- **Task item**
In this exercise, print only the lines from the line with "Lady beats Nazi with purse" to the last line of the data below, inclusive. Any pictures should be left out.

- **Provided data**

════════════════

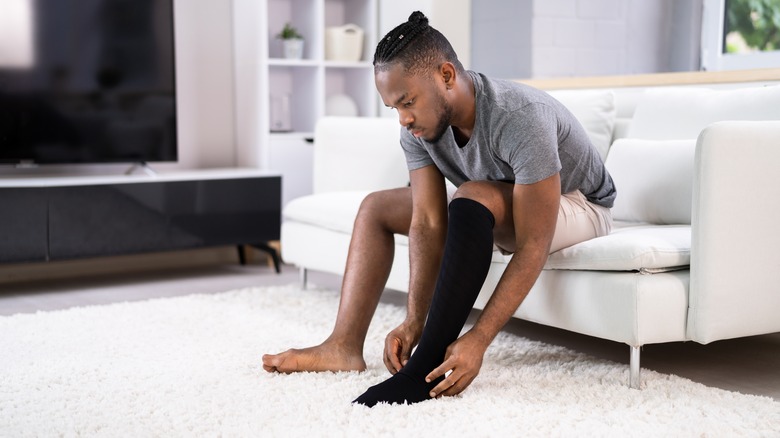 a man putting on compression stockings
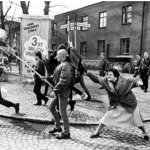Lady beats Nazi with purse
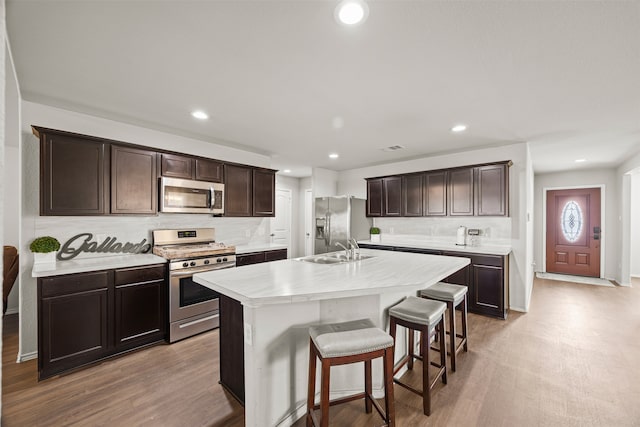 kitchen featuring appliances with stainless steel finishes, light wood-type flooring, a kitchen island with sink, sink, and a breakfast bar area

════════════════

- **Answer space**
Lady beats Nazi with purse
 kitchen featuring appliances with stainless steel finishes, light wood-type flooring, a kitchen island with sink, sink, and a breakfast bar area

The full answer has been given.